When the prior and data disagree strongly, the posterior will be dominated by whichever has lower variance. A very tight prior that disagrees with data can effectively ignore the data – a clear signal to revisit prior specification.

sla_data <- traitsview |>
  filter(
    trait == "SLA",
    genus %in% c("Miscanthus", "Panicum"),
    !is.na(mean),
    checked >= 0
  ) |>
  pull(mean)

if (length(sla_data) > 10 && exists("prior_x") && exists("prior_y")) {
  ggplot() +
    geom_histogram(
      data = data.frame(sla = sla_data),
      aes(x = sla, y = after_stat(density)),
      bins = 30, fill = "steelblue", alpha = 0.6
    ) +
    geom_line(
      data = data.frame(x = prior_x, y = prior_y),
      aes(x, y),
      color = "#e74c3c", linewidth = 1, linetype = "dashed"
    ) +
    labs(
      title = "Prior vs. Observed SLA",
      subtitle = "Dashed red = prior distribution | Blue bars = observed data (Miscanthus + Panicum)",
      x = "SLA (m2/kg)",
      y = "Density"
    ) +
    xlim(0, 80) +
    theme_minimal(base_size = 12)
}

Figure 2: SLA: Prior distribution vs. observed data for bioenergy grasses

Extracting Data for a PFT

A common workflow: retrieve all trait data for species belonging to a given PFT.

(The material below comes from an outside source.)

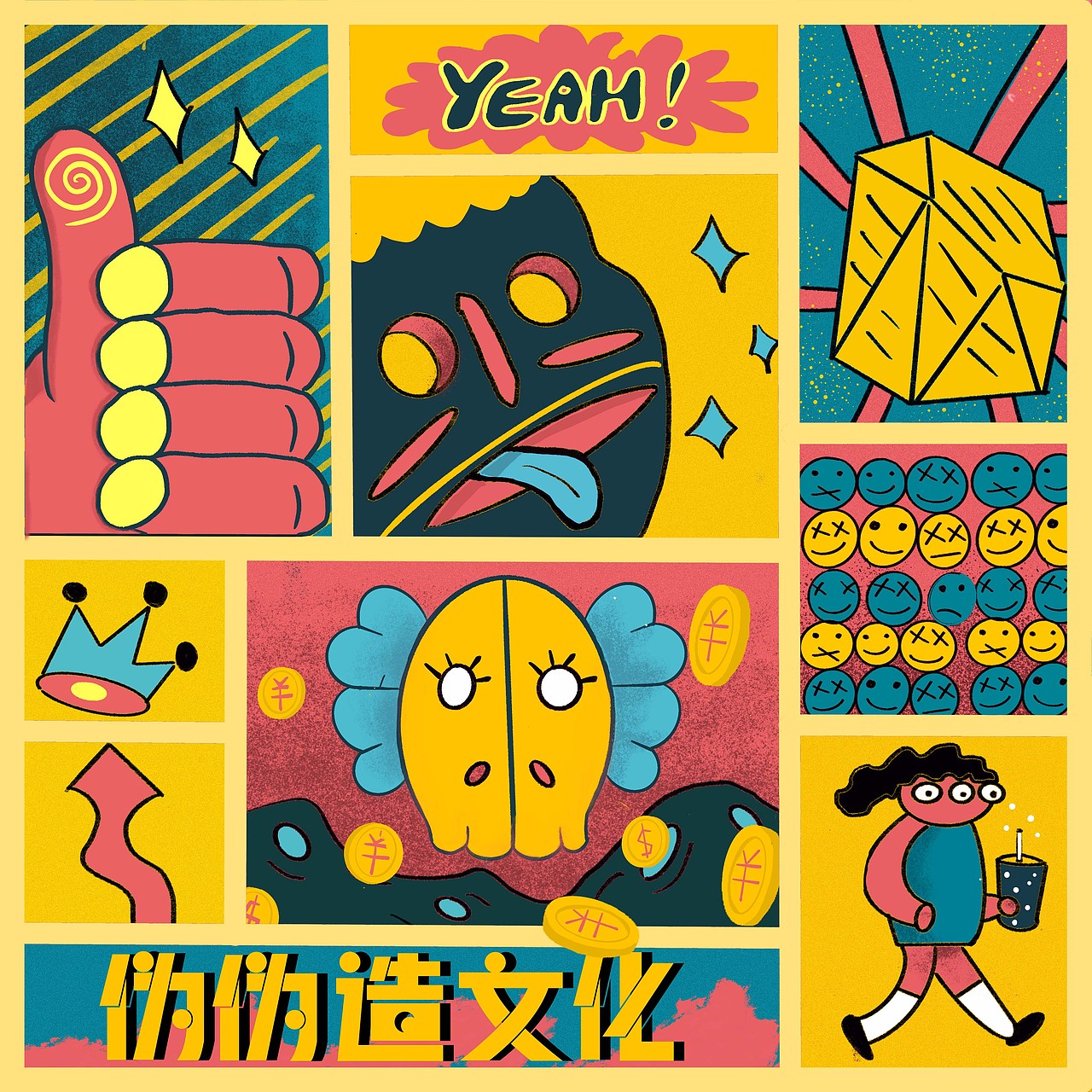 “物欲时代”广告设计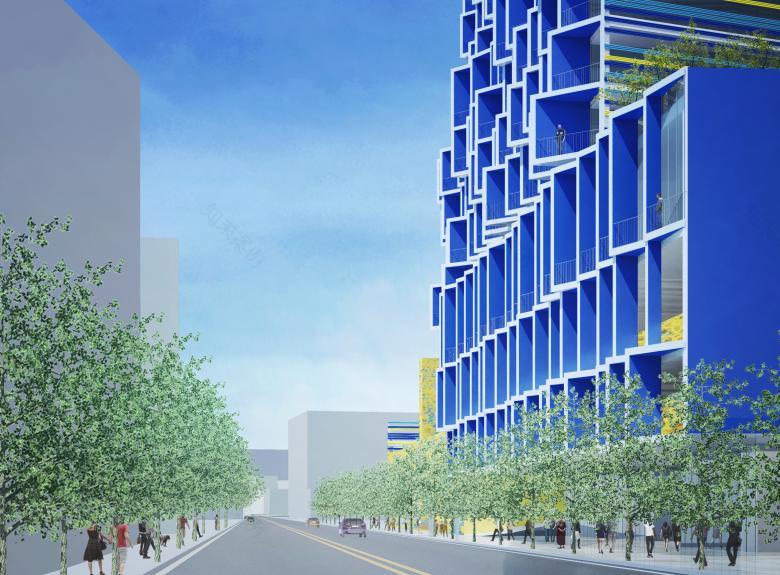 南加州花卉市场丨美国洛杉矶丨Brooks + Scarpa Architects-0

get_pft_data <- function(pft_name, trait_name = NULL) {
  pft_ids <- pfts |>
    filter(grepl(pft_name, name, ignore.case = TRUE)) |>
    pull(id)

  if (length(pft_ids) == 0) {
    warning("PFT not found: ", pft_name)
    return(tibble())
  }

  spp_ids <- pfts_species |>
    filter(pft_id %in% pft_ids) |>
    pull(specie_id)

  result <- traitsview |>
    filter(species_id %in% spp_ids)

  if (!is.null(trait_name)) {
    result <- result |>
      filter(trait == trait_name)
  }

  result
}

willow_sla <- get_pft_data("salix", "SLA")
if (nrow(willow_sla) > 0) {
  summary(willow_sla$mean)
}

   Min. 1st Qu.  Median    Mean 3rd Qu.    Max. 
   7.14   10.40   11.54   12.43   13.32   26.40

Key Concepts Summary

Concept	Table(s)	Description
PFT definition	`pfts`	Named groupings of ecologically similar species
Species membership	`pfts_species`	Which species belong to which PFT
Prior specification	`priors`	Distribution family + parameters for each trait
PFT-Prior link	`pfts_priors`	Which priors apply to which PFT
Observed data	`traitsview`	Actual measurements for Bayesian updating

References

LeBauer, D. S., et al. (2018). BETYdb: a yield, trait, and ecosystem service database. GCB Bioenergy. doi:10.1111/gcbb.12420
LeBauer, D. S., et al. (2013). Facilitating feedbacks between field measurements and ecosystem models. Ecological Monographs, 83(2), 133–154.